Figure 15. Randa rockslide
Data collection of this project did primarily involve a detailed
investigation of the visible failure surfaces and back scarps of
the 1991 events at Randa. Although an important part of the
sliding surfaces is covered by debris, the visible parts of the
detachment surface are large and include both secondary sliding
planes as well as lateral and back scarps showing in detail the
interactions between all fracture sets, faults and rock bridges.
These interactions are critical for the evolution of rock slope
instability. Given the size, the steepness and the dangerous
access to these outcrops, fracture mapping will be performed
from inspection of high-resolution digital surface models
(DSMs) and stereo photographs of the slope.

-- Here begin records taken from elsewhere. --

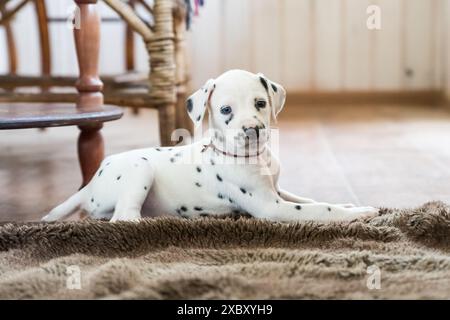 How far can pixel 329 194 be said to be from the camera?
176cm

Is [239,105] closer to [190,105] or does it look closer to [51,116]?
[190,105]

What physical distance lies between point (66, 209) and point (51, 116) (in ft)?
0.73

The resolution of the generated rock surface models allow for
the recognition of planes and traces describing fractures and
faults contributing to the 1991 slope failures. It also permits
accurate measurements of fracture and fault orientation and
trace length. To meet these requirements, the DSMs were
constructed from high-resolution images taken from locations
close to the rock outcrops whose position is known with a
sufficient degree of accuracy. In the framework of this project,
digital photographs of the 1991 failure surface were taken from
a UAV which is a suitable technology for imaging inaccessible
outcrops with a high resolution.
Photographs of the rocky outcrops were used to derive a dense
DSM with 10-20 cm spatial resolution, and a height accuracy of
1-2 cm, allowing for detailed morphometric analysis and
characterization of fracture surfaces. To achieve a height
accuracy of 1-2 cm, a large image scale was required involving
the acquisition of many images and control points. Furthermore,
the control points used to orientate the images should also be
very accurate, better than 1 cm. For the object coordinates of
these points this accuracy can be achieved, even if they are
natural points, by measuring them geodetically with a total
station. However, access to the site is limited. Therefore the
control points could only be installed at the border of the site.
DSMs were produced automatically using advanced multi
image matching techniques, and orthoimages were generated.

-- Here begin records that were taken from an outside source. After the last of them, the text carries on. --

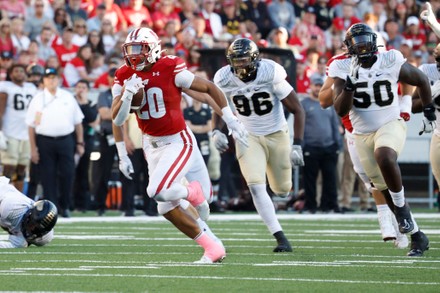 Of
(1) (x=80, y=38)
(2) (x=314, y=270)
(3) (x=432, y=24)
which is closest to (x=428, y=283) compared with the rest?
(2) (x=314, y=270)

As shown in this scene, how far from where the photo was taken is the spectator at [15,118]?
1470cm

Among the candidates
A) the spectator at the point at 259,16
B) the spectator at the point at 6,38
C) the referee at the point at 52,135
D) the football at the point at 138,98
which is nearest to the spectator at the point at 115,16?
the spectator at the point at 6,38

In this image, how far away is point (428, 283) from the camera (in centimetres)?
662

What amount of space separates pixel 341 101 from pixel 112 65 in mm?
7060

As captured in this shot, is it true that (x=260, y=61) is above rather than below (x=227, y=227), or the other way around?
above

The orthoimages are used for 3D visualisation and visual
interpretations. The first results from a test flight in May 2007
are given in Figure 16. The left image represents a zoom-in of
one of the acquired photos. The right image is the derived
DSM of Randa, showing 50 times higher resolution than the
existing lidar dataset of the site.
Figure 16. Snapshot of Randa Photo (left) and DSM (right)
4. DSM COMPARISON
The authors have been using SAT-PP and Match-T for accurate
DSM production. While SAT-PP was used for the maize field
and Randa project, the highway and the Geofort were processed
with Match-T. Both software packages are based on a matching
approach using a coarse-to-fme hierarchical solution with a
combination of multi image matching algorithms and automatic
quality control. The software matches three kinds of features -
feature points, grid points and edges on the original resolution -
progressively starting from low-density features on the low
resolution level of the image pyramid. A TIN of the DSM is
reconstructed from the matched features on each level of the
image pyramid by using the constrained Delauney triangulation
method. This TIN in turn is used in the subsequent pyramid
level for approximations and adaptive computation of the